長々放置しておりますが、時々腐的な何かを書くと思います

大人の恋が騒ぐので (アズ・ノベルズ)

大人の恋が騒ぐので (アズ・ノベルズ)

  • 大人の恋が騒ぐので

★★★★☆
二人の出会いはともかくとして、尊敬できる大人の隈さんにとにかく惚れ込んじゃった三鈴くんがグルグルアタフタするお話です。隈さんは、アーティストの割りに非常に分別があり、我慢がきく人です。(火崎作品の醍醐味、「いい意味で分別くさいセリフ」も隈さんから発せられます。)それまで、成績がいいだけで甘やかされて育ったと思える自信家の三鈴くんを、うまい具合に自立の方向に持っていけたのも隈さんのおかげだと思います。ただ、ちょっと性癖に難有りなだけで。
三鈴くんが思いを告白するまでには、それほど時間を要さなかったのですが、隈さんのほうが大変慎重なものだから、エッチする気満々なのになかなかいい感じにならない。

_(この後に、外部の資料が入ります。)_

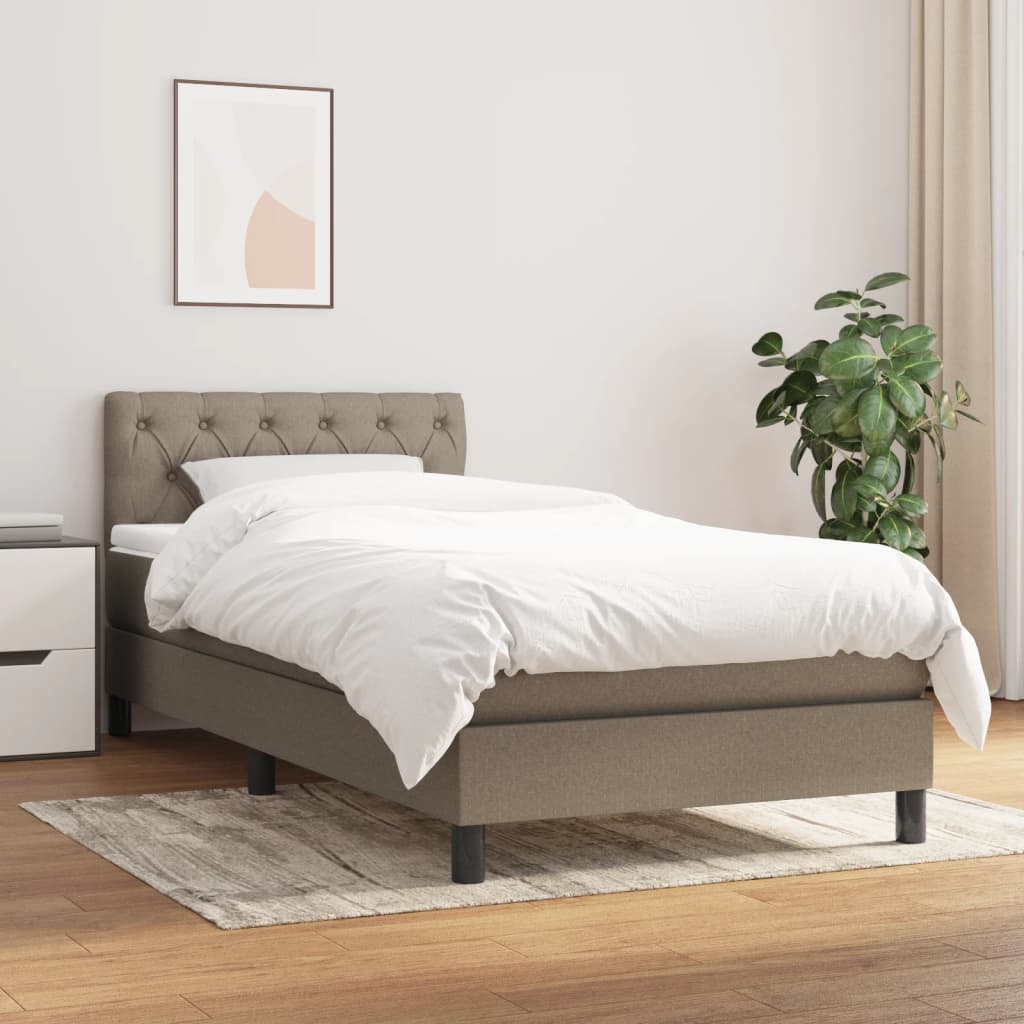 Boxspring met matras stof taupe 80x200 cm is nu te koop bij PeponiXL, paradijselijk wonen!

それはそうです、隈さんは三鈴を責めたかったんだもの。でも、その気持ちを抑える事ができるくらい分別のある大人なんです。それでも、あるきっかけで思いを遂げることになるまでが表題作。ちょっと不満が残る終わり方でした。
しかし、そのフォローが「大人の世界へ連れてって」でされています。ただ恋愛経験が乏しいだけで、ゲイというわけでもないのに、隈さんのことが好きになっちゃった三鈴くんは2回目のエッチに尻込みしちゃっています。“頭でっかち”なものだから、様々な手段で“隈さんとの特殊であろうエッチ”の為にSMについての情報収集をしちゃって、なおさら尻込みしてしまう状況に・・・自分の将来と隈さんの仕事事情も絡め、グルグルしちゃうわけですが、最終的に大人な隈さんにおいしくまとめられるわけです。三鈴は自分のことを子供だ子供だと思っている事が多いのですが、隈さんの方はちゃんと大人として扱っているんですよね。そこの部分がいいと思いました。
火崎作品は、分別くさいところが好きです。今回は、「大人として自立する」がテーマだったような気がします。
好きなセリフは隈さんの「可哀想だと思われることより、カッコイイと思われることを考えろ。受験に失敗したところで終わればカッコ悪いが、そこから起死回生すりゃカッコイイだろう。お前は人生の見せ場を作るチャンスを与えられたんだ。問題のない人生よりずっといいだろう」です。三鈴も惚れちゃうわけですよね。